Note that \(\emptyset = \{\}\) (the empty set), while \(\lambda = \{ \lambda \}\), meaning the set containing just the empty string. Q: Does every regular language include the empty string?
If \(r\) and \(s\) are R.E. then
\(L(r + s) = L(r) \cup L(s)\)
\(L(r s) = L(r) \cdot L(s)\)
\(L((r)) = L(r)\)
\(L((r)^*) = (L(r)^*)\)
1.1. Precedence Rules¶
\(*\) highest
\(\cdot\)
\(+\) lowest
Example: \(ab^* + c = (a(b)^*) + c\)
1.2. Examples of Regular Expressions¶
\(\Sigma = \{a,b\}\), \(\{w \in {\Sigma}^{*} \mid w\) has an odd number of \(a\) ‘s followed by an even number of \(b\) ‘s \(\}\).
\((aa)^{*}a(bb)^{*}\)
Q: Does this language include the empty string?
\(\Sigma=\{a,b\}\), \(\{w \in {\Sigma}^{*} \mid w\) has no more than three \(a\) ‘s and must end in \(ab\}\).
\(b^{*}(ab^{*} + ab^{*}ab^{*} + \lambda)ab\)

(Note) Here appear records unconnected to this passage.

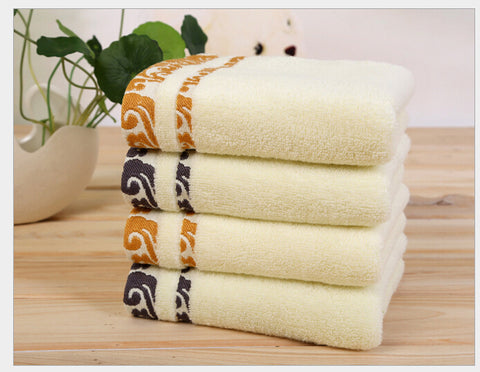 4pcs/set bamboo beach fibre towel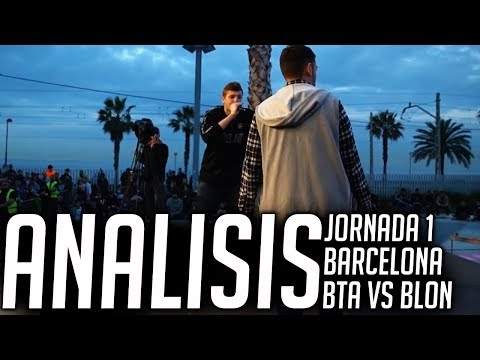 ANALIZANDO: BLON vs BTA - JORNADA 1 - FMS España 2018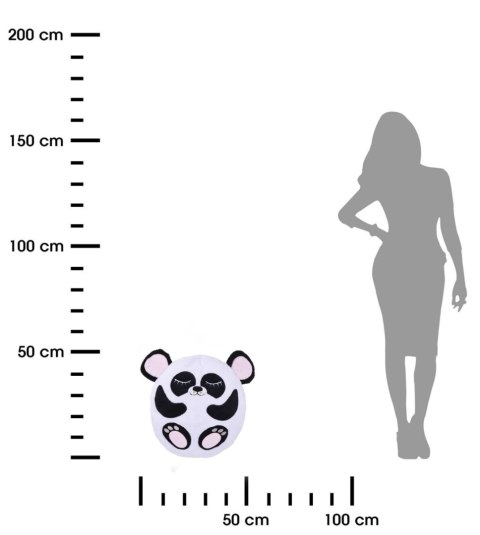 Poduszka, legowisko dla zwierząt wzór 1 Okrągłe legowisko dla kota lub kota wykonane z bardzo miłego, pluszowego materiału o wym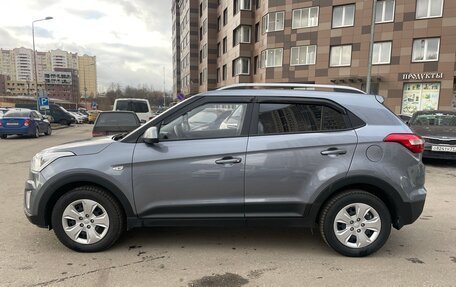 Hyundai Creta I рестайлинг, 2021 год, 2 050 000 рублей, 3 фотография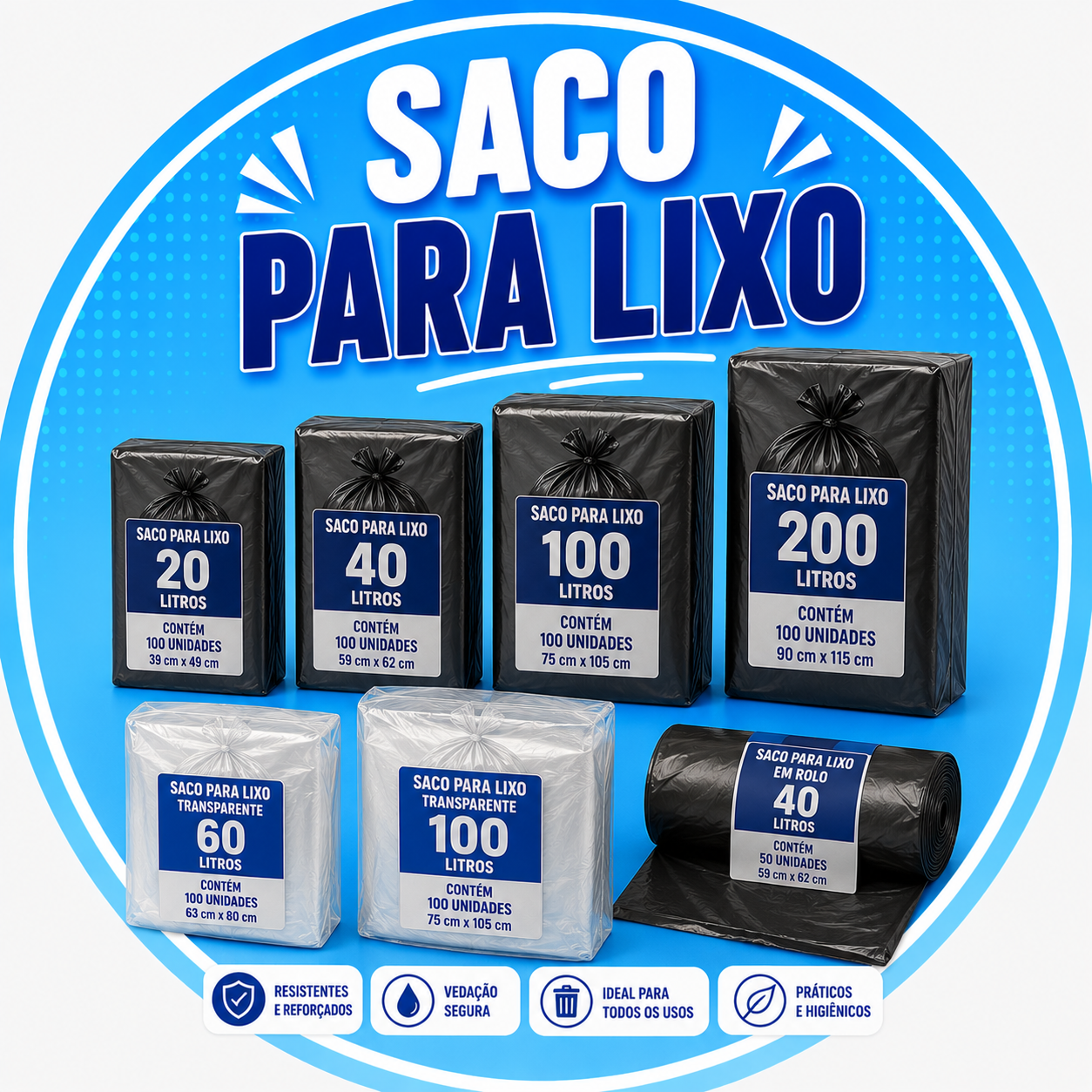 SACO P/ LIXO
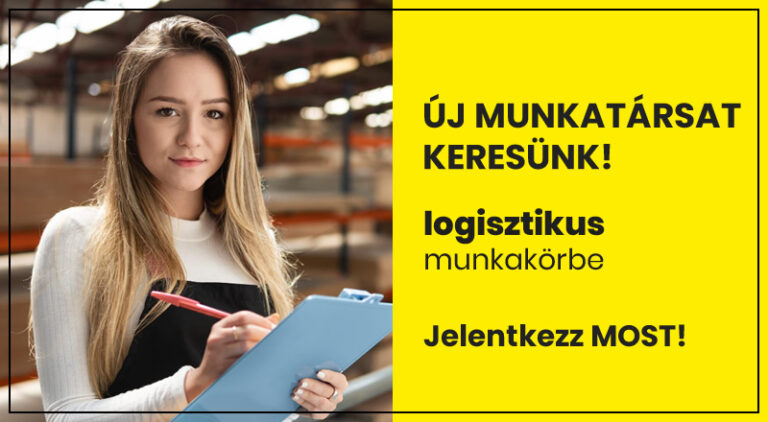 logisztikus allas 2025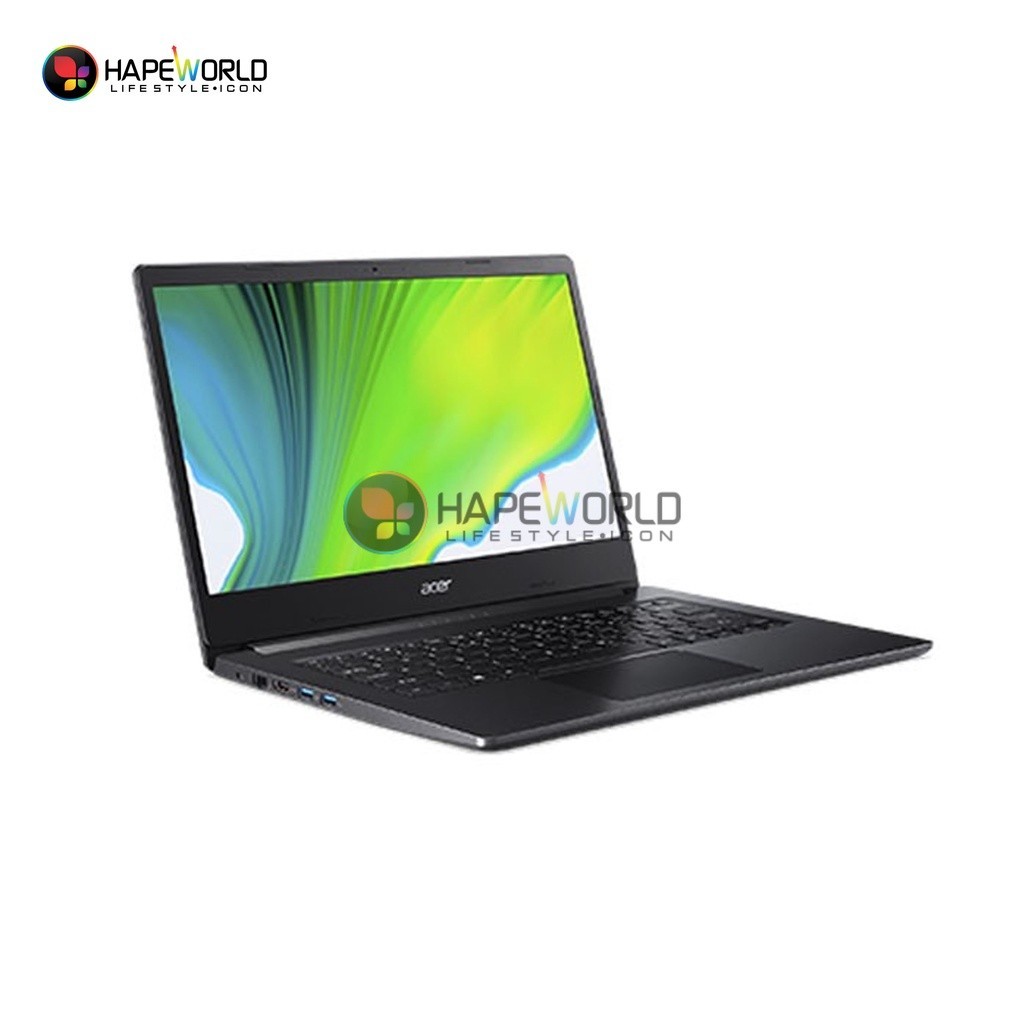 LAPTOP ACER ASPIRE 3 A314-22-A1M5 CHARCOAL BLACK - GARANSI RESMI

Regular expression for positive and negative integers
\(0 + (- + \lambda)((1+2+\ldots +9)(0+1+2+\ldots +9)^{*})\)
Q: What is acceptable for this language, and what is not acceptable?
Q: Can every finite set of strings be described by a R.E.? You should be able to answer this question.
Now that we have defined what regular expressions are, a good question to ask is: Why do we need them? In particular, we already know two ways to define a language. One is conceptually, as an English description with more or less mathematical precision. The other is operationally in the form of a DFA (or equivalently, an NFA). So why yet another representation? A good answer is that the other two representations are deficient (in different ways) that the regular expression overcomes. Describing it in English is imprecise. Even if we use math to make it precise, its something that we cannot easily operationalize. On the other hand, defining a DFA (or NFA) is a bit time consuming. We can use a tool like JFLAP or OpenFLAP, but that takes a relatively long time to work through the GUI, even if it is a relatively small machine. In contrast, we can type out a regular expression within a system like JFLAP. In that case, it is both fast to type and operationalizeable (in the sense that we can then convert the RegEx to a DFA, which implements the acceptor for the regular expression). Of course, while a program (or machine) can be shorter or longer, it might be hard for us to come up with the program. In the same way, we might have to struggle to come up with the regular expression. But its probably short to type once we have it.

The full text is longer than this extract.